# Tastatur mit Software für &quot;Castsequence&quot; Makros



## AlleNamenBelegt (21. März 2016)

*Tastatur mit Software für "Castsequence" Makros*

Hallo, 
kennt jemand eine gute Gaming Tastatur mit der es möglich ist ein Castsequence Makro (WoW Spieler wissen was ich meine) zu erstellen?

Die typischen Tastaturmakros bewirken ja dass die eingegebene Sequenz immer pro Tastendruck 1x (oder mehrmalig) VOLL ausgeführt wird. 


Sprich wenn das Makro auf der Taste "V" liegen würde und vom Befehl her "D, F, G, H" wäre (ohne Zeitverzögerung etc.) würde folgendes passieren:

1. "V" Tastendruck mit Makro "D, F, G, H":  so kommt beim Tastendruck (in Word z.B.) "D, F, G, H". Bei erneuten Tastendruck kommt dann wieder "D, F, G, H". Und so weiter.

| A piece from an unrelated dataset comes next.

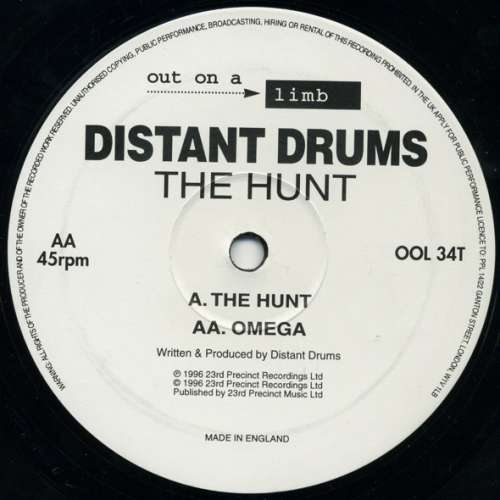 Cover Distant Drums - The Hunt (12) Schallplatten Ankauf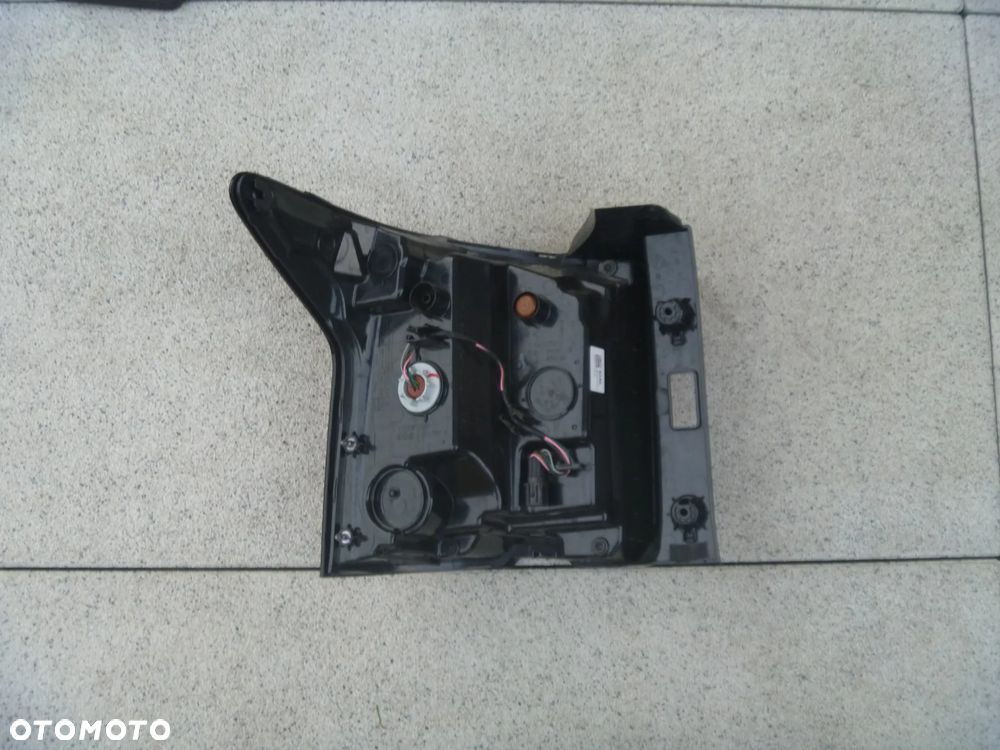 KIA SORENTO IV LAMPA TYLNA PRAWA LED ORYGINAŁ 92402-P2 - 2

Ich wollte aber folgendes als Makro haben (Beispiel "D, F, G, H"):

1. "V" Tastendruck kommt nur das "D" / 2. "V" Tastendruck kommt das "F" ... und so weiter bis es denn wieder bei "D" von Vorne anfängt - also eine "Teilabfolge" des Befehls der sich erst wiederholt sobald der Befehl einmal "durchgedrückt" ist.

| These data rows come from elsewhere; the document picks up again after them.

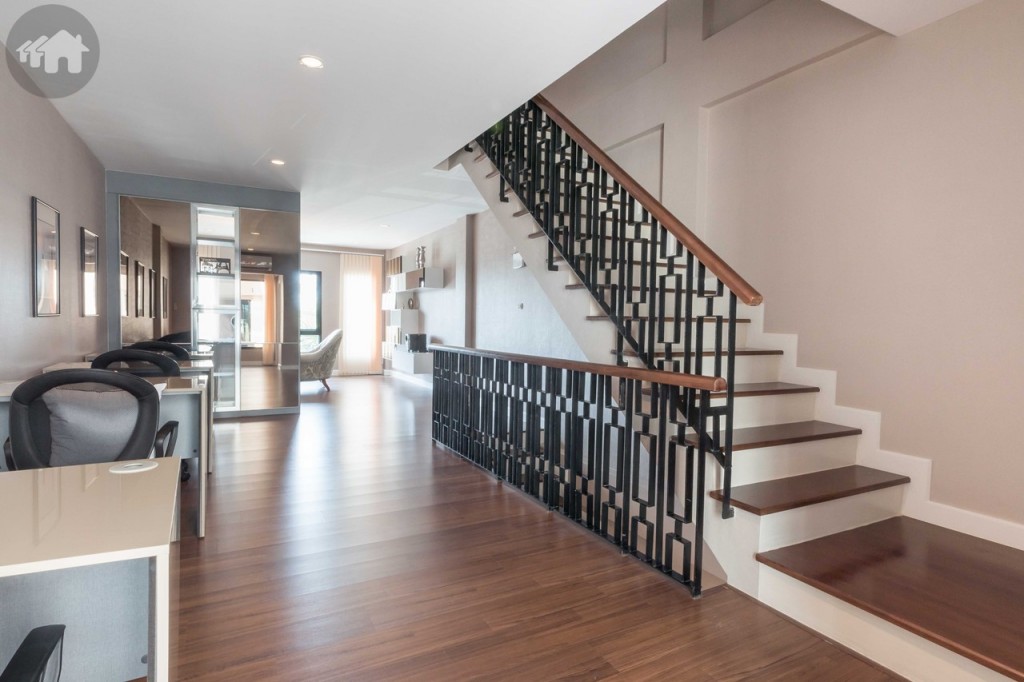 พื้นที่ทำงานอีกมุมหนึ่ง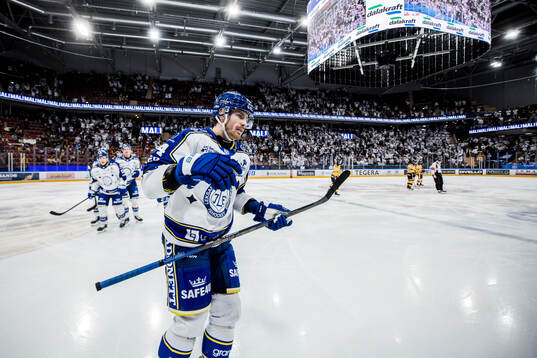 Leksands Peter Cehlarik jublar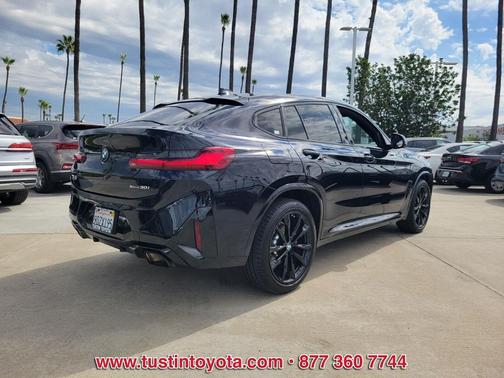 2023 BMW X4 xDrive30i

Gibts da irgend etwas an Tastaturen die sowas können?


----------



## McDrake (21. März 2016)

Die logitech "G"-Tastaturen lassen sich ganz gut programmieren.
Hab so einige Zeit Age of Conan gespielt.
Frage mich aber, wie erlaubt das ganze ist...


----------



## AlleNamenBelegt (21. März 2016)

Kommt immer auf das Spiel an. In WoW haben die es ja, wie gesagt, auch ins Spiel integriert. Wenn man es genau nimmt ist es ja auch kein "Botting" oder Hacking da man eigentlich nur den geringst (vom Spiel selbst determinierten) möglichen "global Cooldown" optimal ausnutzt. Ist ja kein "Hexenwerk" und kann praktisch jeder machen.


----------



## Herbboy (21. März 2016)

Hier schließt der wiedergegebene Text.